We were monitoring our systems, and are really happy with the scalability and performance. We maintained approximately 2 second response time throughout. Here are some of the graphs and charts.
This first one is interesting, as you see the average page load time (what users see in their browsers – cool!) went down when registration opened at 5AM. The reason is that most people registering were doing so from home so they had high speed internet. Before then about half of the users were accessing via mobile devices with slower connection speeds.
At the peak we were averaging less than 2 second response time for the user and 135 milliseconds on our servers – no degradation with the spike.
This shows how the number of users spiked quickly at 5AM (and the mix of browsers. Yes, Google Chrome is the most widely used browser, and still the fastest.

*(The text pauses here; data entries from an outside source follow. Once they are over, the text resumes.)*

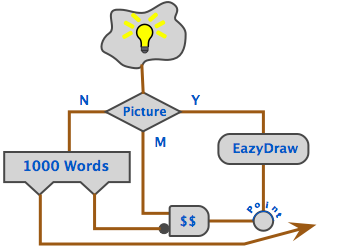 349x249 flow charts - Drawing Flowchart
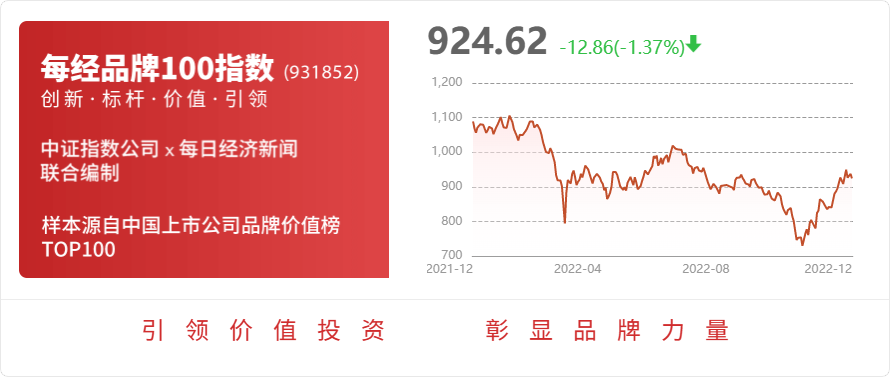 注意！亿通科技将于2023年1月5日召开股东大会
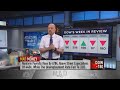 Jim Cramer's game plan for the trading week of March 7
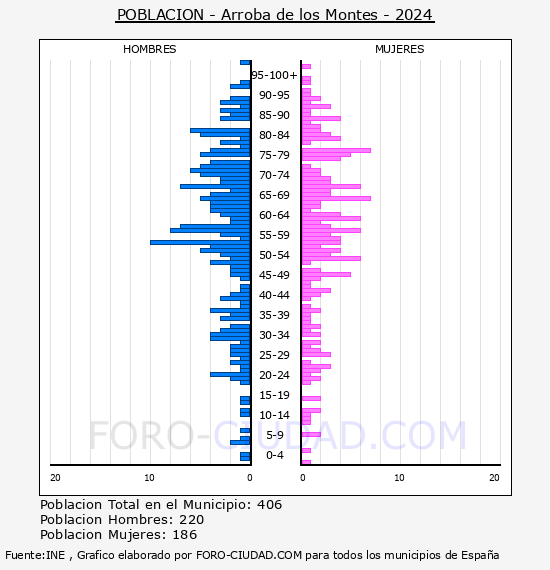 Arroba de los Montes - Pirmide de poblacin por aos- Censo 2024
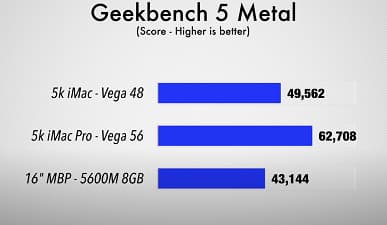 Новейшая видеокарта Radeon Pro 5600M впечатляет производительностью. MacBook Pro 16 теперь намного быстрее
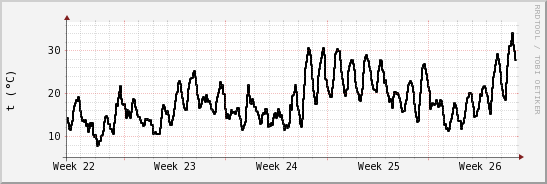 wykres przebiegu zmian windchill temp.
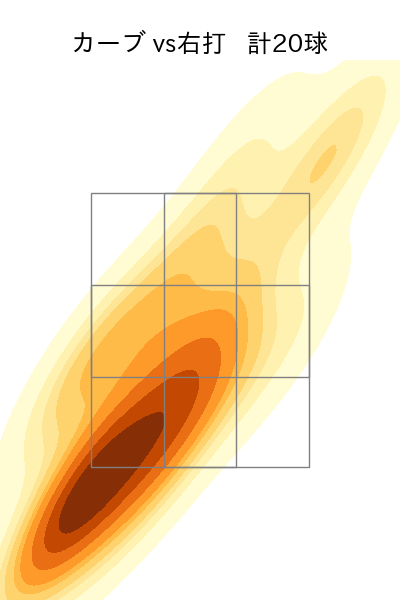 田中 将大 配球ヒートマップ(2023年8月)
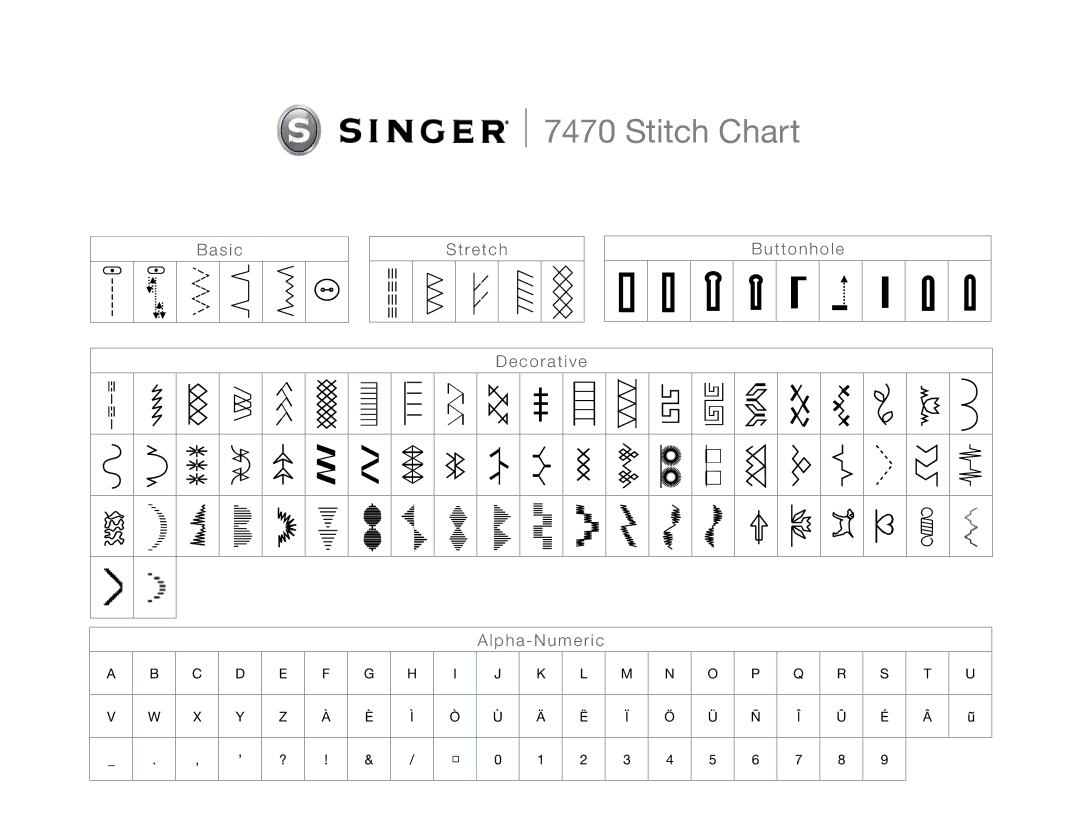 Singer 7470 manual Stitch Chart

These were the 10 web servers we had running. The key resource here is CPU utilization at less than 10% – meaning we could have handled about 10X the load with this configuration (and we can scale much higher).
We use NGINX as our front end load balancers. We only had 2 of them running because the load was not expected to be very high. As you can see, these are very efficient and only reached 4% utilization, so we have room for lots more and can add more instances to the two we run at all times.
Another view of our Web Servers from the Amazon AWS console.
This is our Database Servers. The first one is Average and the second is Max. Looks like we need to upgrade the size of our Shard 1 since it had a peak around 75%, but that was a very quick spike and our memcache servers probably reduced that greatly once that initial set of data had been loaded into cache. The good news is that our main database server never went over 10%, so there was plenty of horsepower left there.
The memcache Session and State servers (we run 4 of each) were all well below 10% as well.